4. Give Up the Need to Look Good
Unless you are getting paid to surf, which most of us are not in that position, give up the need to look like you are a pro. Surfing, at least to me, has become more about my personal time in the water and less about how I look while riding a wave. Surfing is not about looking good, it’s simply about having fun! I’ve also noticed that as I’ve gotten a little older (and maybe a little wiser) that I care less about how I look, or seem to appear, to others. I am who I am. I’m not trying to be someone that I am not. So be confident with who you are and secure with where you are at, regardless of how it may seem to appear to the outside world.
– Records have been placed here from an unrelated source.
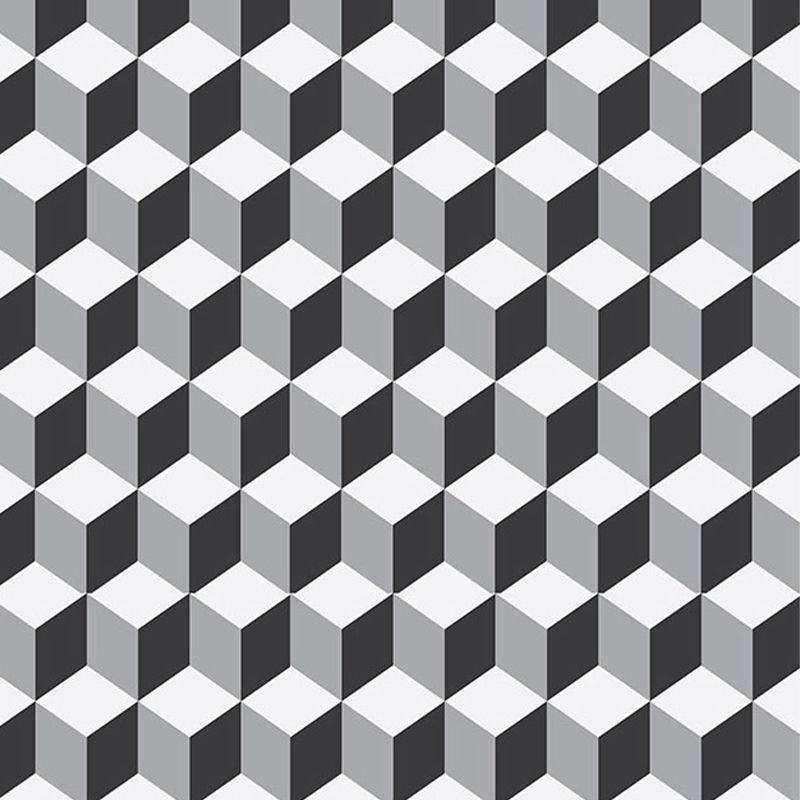 Tapet Black and White Cube, personalizat, VLAdiLA - imagine 2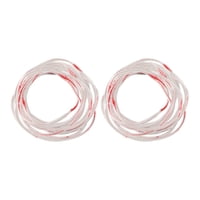 Magideal - 2 Protectores De Borde De Puerta De Coche, Protectores De Entrada, Accesorios Anticolisión, Protectores De Arañazos, Protectores De Borde De Puerta De Transparente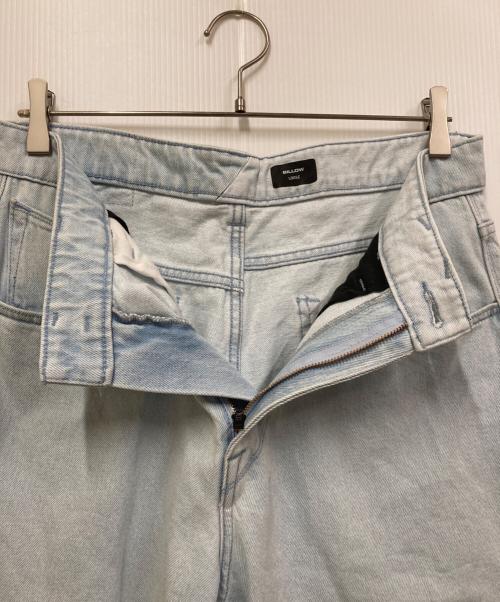 VOLCOM（ボルコム）VOLCOM (ボルコム) Billow Loose /バギーデニムパンツ ブルー サイズ:不明の古着・服飾アイテム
5. Step Outside of Your Comfort Zone
Keeping lesson #4 in mind, the only way to grow, as a surfer or as a regular ol’ human being, is to step outside of your comfort zone regularly. Do things that make you uncomfortable, maybe even a little scared. Try something new. Try something you’ve always wanted to do but never have done. Know your limits (especially out in the water), but know that you are always capable of more. All it takes is the will, a little courage, and a little faith.
Respect your elders, respect the locals, respect the ocean and respect yourself. Respect will get you a long way in both the line-up and in life. Trust me.
7. Presence is the Key
If you’re not present in the water you’ll miss the wave, miss the section, or get caught too far inside and get worked. If you’re not present in life, well, you’re going to miss out on life. No need to harp on what happened twenty minutes ago or twenty years ago, just like there’s no need to analyze what’s going to happen in the future. Get your mind off of the “could haves,” “should haves,” and “going to be’s,” and focus your energy on the NOW. Because life, and the wave, only occurs in the present moment.